Car will be garaged for 5 months

We will be away from home for about 5 months and were thinking about connecting a solar battery tender to our car battery. Never did this before, can anyone give us some advise? Would an electric battery tender be better? Any informed information would be greatly appreciated.

Disconnect the battery. Make sure you have the security code for the radio if your car has this feature.

I suggest you add fuel stabilizer to the tank before parking the car for five months.

Solar battery charger needs to be in the sun. Does not seem like it would work properly in a garage?

Simply disconnect the battery and add fuel stabilizer.

Figure the distance from the vehicle battery and where the solar panel for the charger will be positioned for the max exposure to the sun. Then make sure the solar charger has enough cable length for that distance. Otherwise use a plug-in battery tender.

Tester

Five months is not a long time. Simply disconnect the battery and don’t bother adding anything to the fuel tank. Or you can simply take no action at all and recharge the battery on your return. A solar charger is a good option but quite unnecessary if you can recharge if needed.

5 months is not a long time. A car could easily sit on a car lot that amount of time. If it was mine I would do stabil or seafoam run through the system and a battery tender be it solar or plug in. I am not familiar with the solar type, look at the cost then decide. My tender from sears was $50 or so. What does solar cost?

The OP didn’t mention the year of the vehicle. And on some vehicles when the battery is disconnected the adaptive memory in the ECU can be lost so monitors need to be reset and modules can go to sleep and not work properly or never wake up.

So the OP could reconnect the battery in five months and be faced with a Check Engine light because all the monitors in the ECU need to be reset, or accessories don’t function right because the modules have to relearn their programs, need to be reprogramed, or need to be replaced because it didn’t wake back up.

I would have suggested disconnecting the battery, but since the year isn’t known, that’s bad advice.

Tester

Where will it be stored? In a garage outside next to your house???

Assuming you read and heed Testers messageb[/b]. I prefer to remove the battery and store it away from where the car is stored. Put it on a tender. If you remove the battery you make it a lot more difficult for someone to steal the car. Most thieves don’t carry spare batteries of various sizes.

Also contact your insurance company. Often you can cancel the collusion coverage since it will not be driven and save a lot of money. Don’t cancel the other parts of the insurance.

I use a solar charger for my boat.
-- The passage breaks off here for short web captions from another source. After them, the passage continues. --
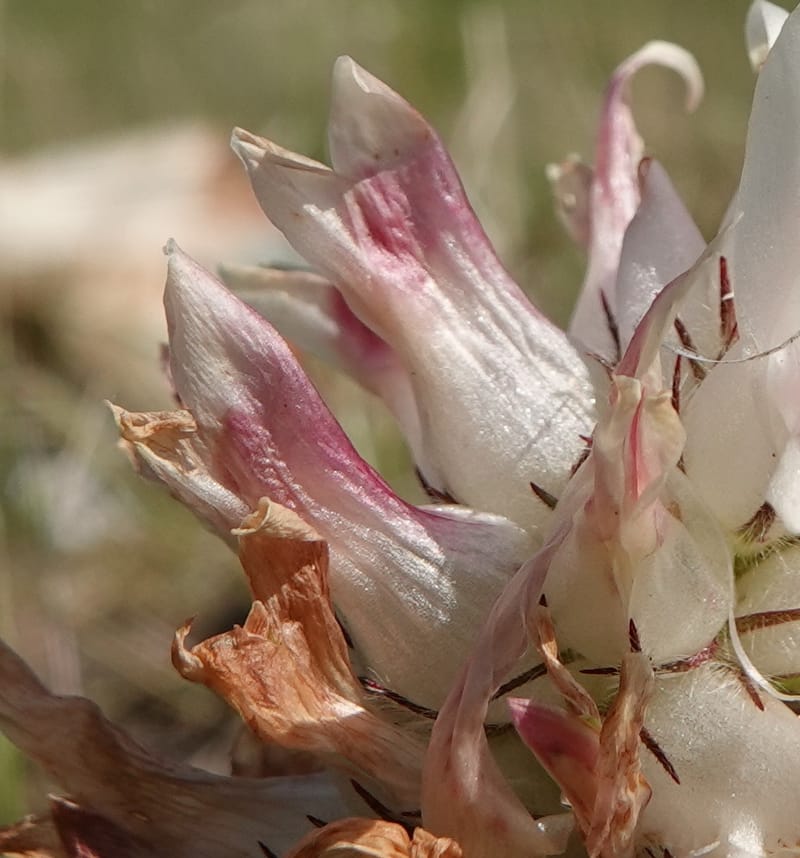 Trifolium macrocephalum, C. Davidson 13789--Oregon. Wallowa Co. Upper Camp Creek Canyon. 5 Jun 2018. DSC05225 (11).JPG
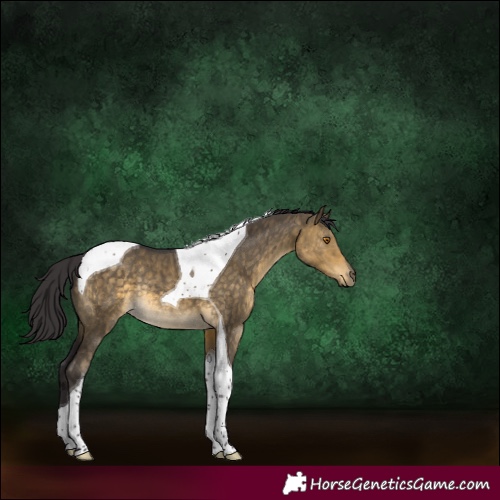Horse Color:Buckskin Dun Tobiano Rabicano Brindle 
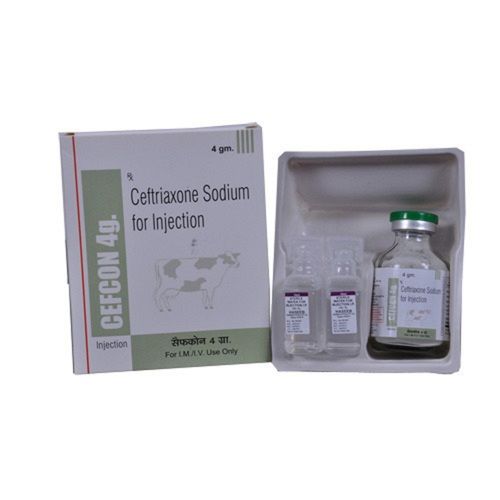 Ceftriaxone Sodium Veterinary Injection 4gm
There is no electricity available at the boat dock and if the battery runs down the boat could sink if the bilge pump has no power to run.

The solar charger works fine. I leave mine near the windshield where it gets sun but isn’t as easy to steal. There are different size chargers, but even the smallest should be fine as long as you park in a sunny area so the panel gets sunlight. The panel has only one active side so read the directions.

For 5 months you might just need a jumper box to jump start the car if needed. Some cars can go 5 months and still start. 2 of mine run a battery down in just about a month and would need a solar charger, battery tender, or a jump start in 5 months.

If you can hook up a regular (a/c power) battery tender, I’d do that instead of the solar one, just because it’s set up to maintain the correct charge on the battery. If you use a solar panel you’ll also need a controller to maintain the correct charge without overcharging.

And I’d do this instead of disconnecting the battery.

And I’d put in gas stabilizer, read the directions.